Thank you so much for your response and good information. Yes, I agree and my doctors have also told me I had the Lobular cancer in the left breast at the same time I was being treated for the Ductal in the right breast in 2000.  It was just never picked up by mammograms, ultrasounds or physical exams.  My pathology report for the Lobular cancer in 2005 just calls it a T3N3a "Invasive Lobular Carcinoma".  So I don't know if it is still considered classical or not with the negative Progesterone.

My cancer in 2000 was staged as T1cN1 Stage IIA  1.2 cm Invasive Ductal Cancer of the right breast.  Strongly ER/PR positive, Her-2 negative, Ki-67 greater than 15%, plus focal DCIS and LCIS.  I had a lumpectomy and SNB with removal of 6 nodes and 2 nodes were found to have micromets by immunohistochemistry.  I did 4 rounds of Adriamycin/Cytoxan and then 4 rounds of Taxol plus 37 radiation treatments to right breast and lower axilla.

After my Lobular diagnosis in Nov 2005 I decided to have a prophylactic mastectomy of the right breast along with a modified radical mastectomy of the left breast. The path report on my right breast came back with no signs of any residual Ductal cancer at all so it seems my treatment in 2000 was very effective for that.  I am sure that the chemo and tamoxifen in 2000-2001 slowed down the growth of my Lobular even though we did not know it was there.

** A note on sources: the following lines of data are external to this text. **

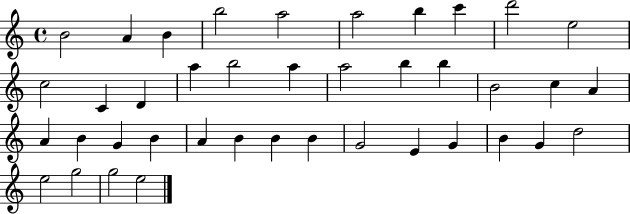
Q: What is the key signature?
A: C major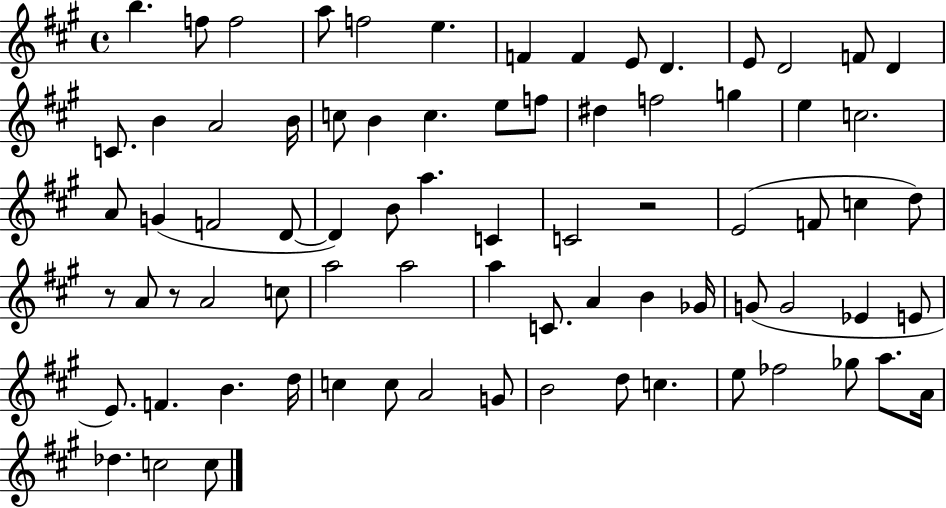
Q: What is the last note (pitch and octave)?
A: C5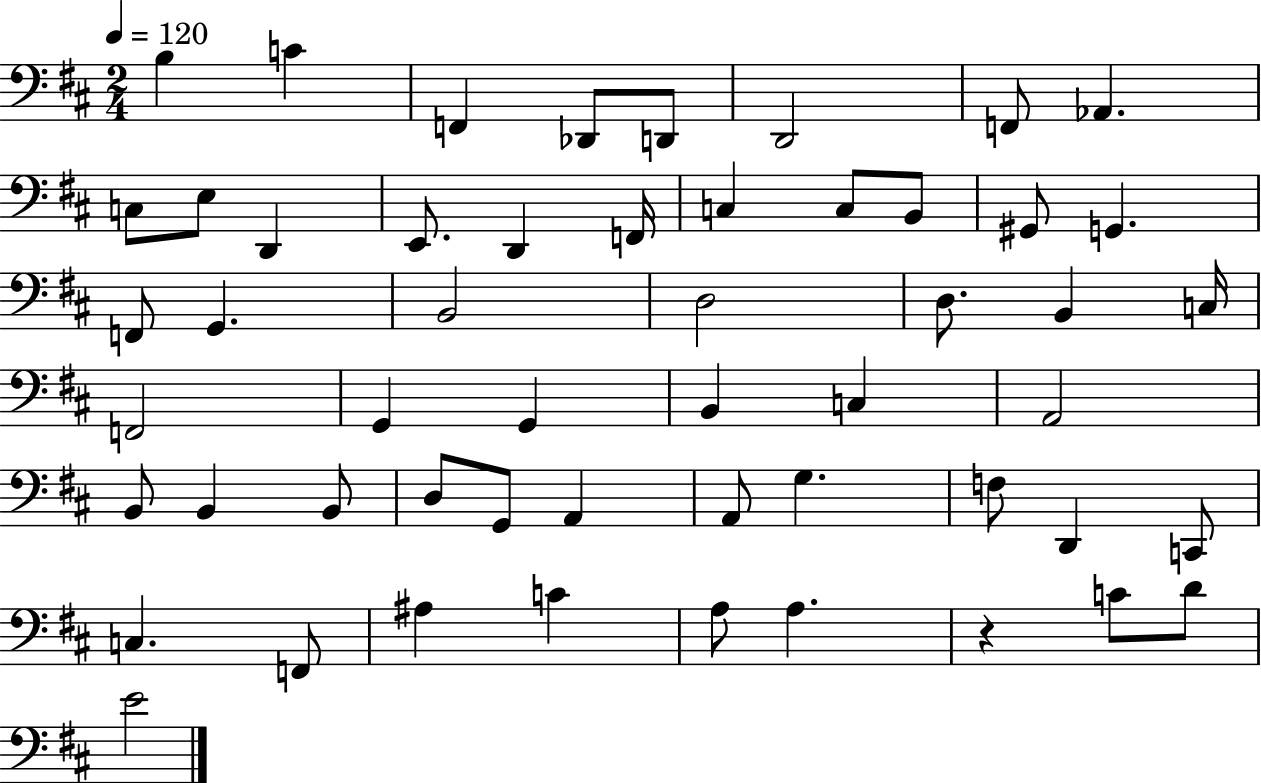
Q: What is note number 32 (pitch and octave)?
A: A2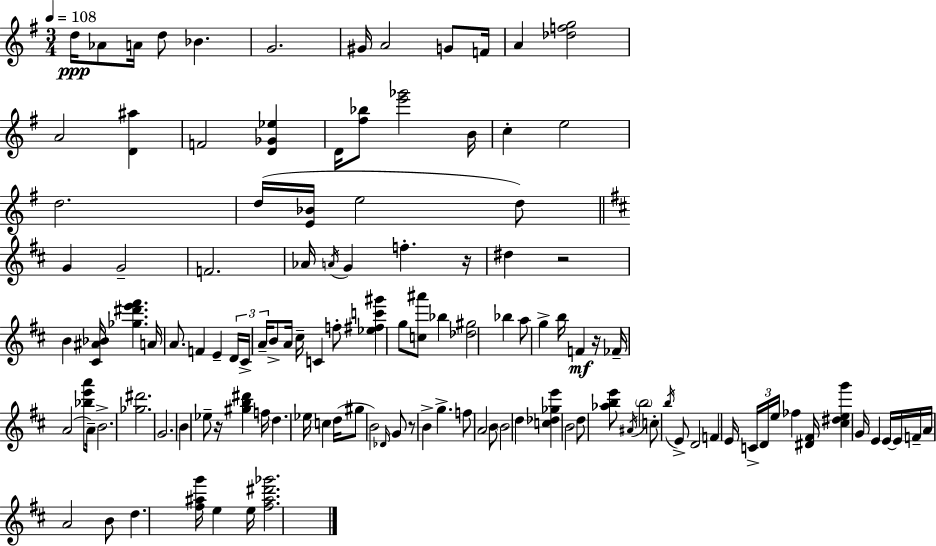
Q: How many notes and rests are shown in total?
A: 122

I definitely plan on staying on the hormonals just as long as I can until something better comes along.  So far I am tolerating the Aromasin just fine other than mild joint pain and hand stiffness.  My only other ongoing BC related issue is the stage 2 Lymphedema I developed in my left arm following the total axillary dissection.  I am still proactive and positive in my approach to BC though and have every hope that I will be around for a long time to come!

Thanks again Matic for all the help you provide to us here!

LindaLou

Fitzy, thanks for this post! I was dx'd with 4+ nodes and extranodal extension too. Glad to hear you are doing well!